** EXERCISE DATA **
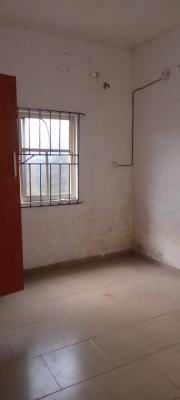 Now Available, Off Mobil Road Ilaje Ajah, Ilaje, Ajah, Lagos, Flat / Apartment for Rent
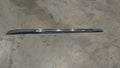 Left Side Roof Rack Rail O86434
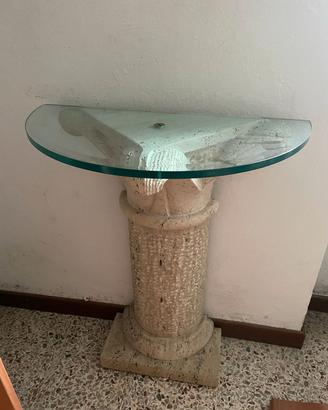 colonna 
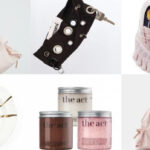 8 идей стильных подарков, которые она точно оценит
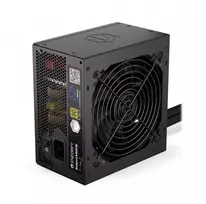 Endorfy maitinimo šaltinis Enduro L6 850W / ATX3.1 / 120 mm ventiliatorius / 80Plus Gold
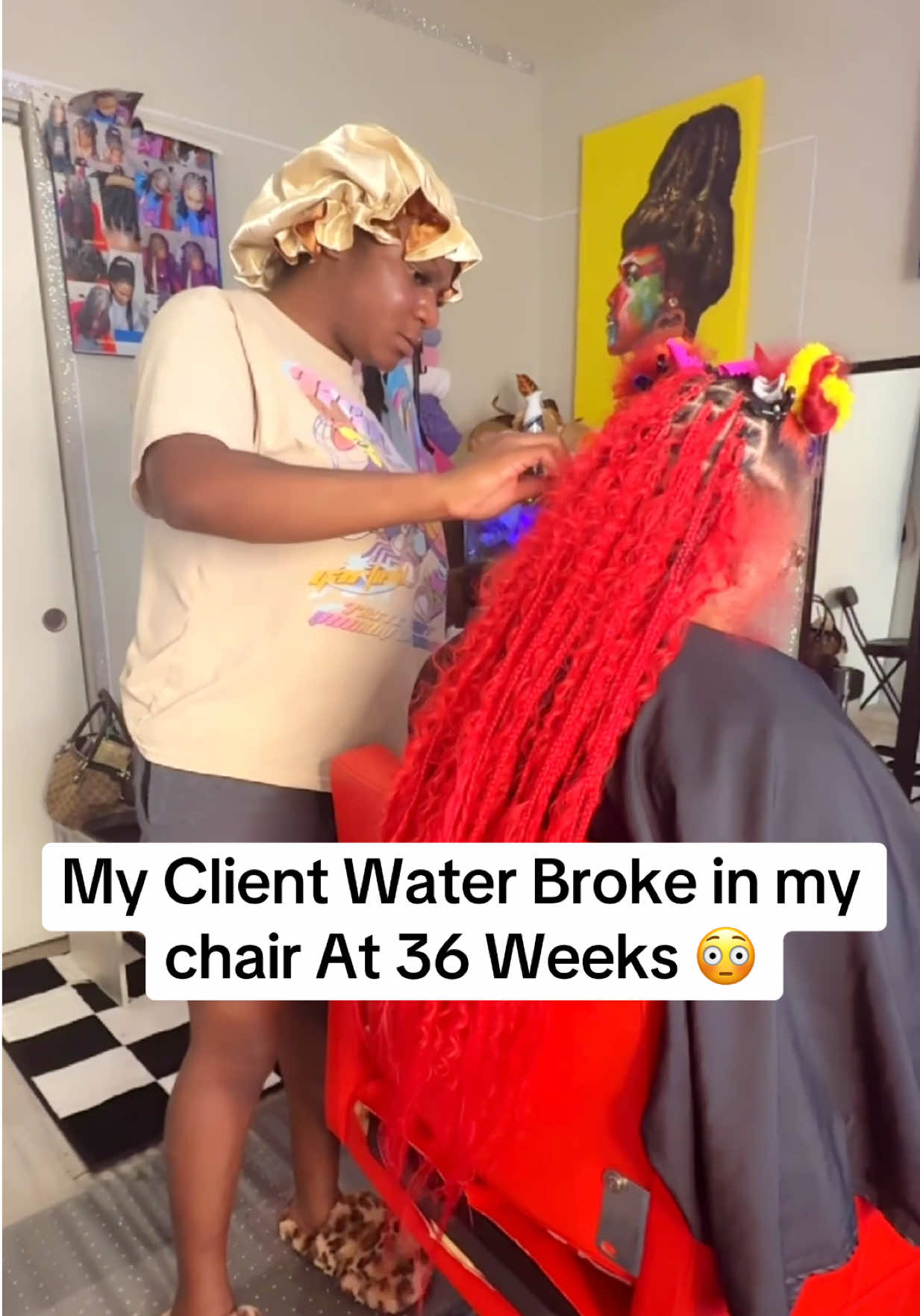 @Sasha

** DIRECTIONS **
Line by line, write out the material above exactly, with no images.

** SOLUTION TO THIS EXERCISE **
 Now Available, Off Mobil Road Ilaje Ajah, Ilaje, Ajah, Lagos, Flat / Apartment for Rent
 Left Side Roof Rack Rail O86434
 colonna 
 8 идей стильных подарков, которые она точно оценит
 Endorfy maitinimo šaltinis Enduro L6 850W / ATX3.1 / 120 mm ventiliatorius / 80Plus Gold
 @Sasha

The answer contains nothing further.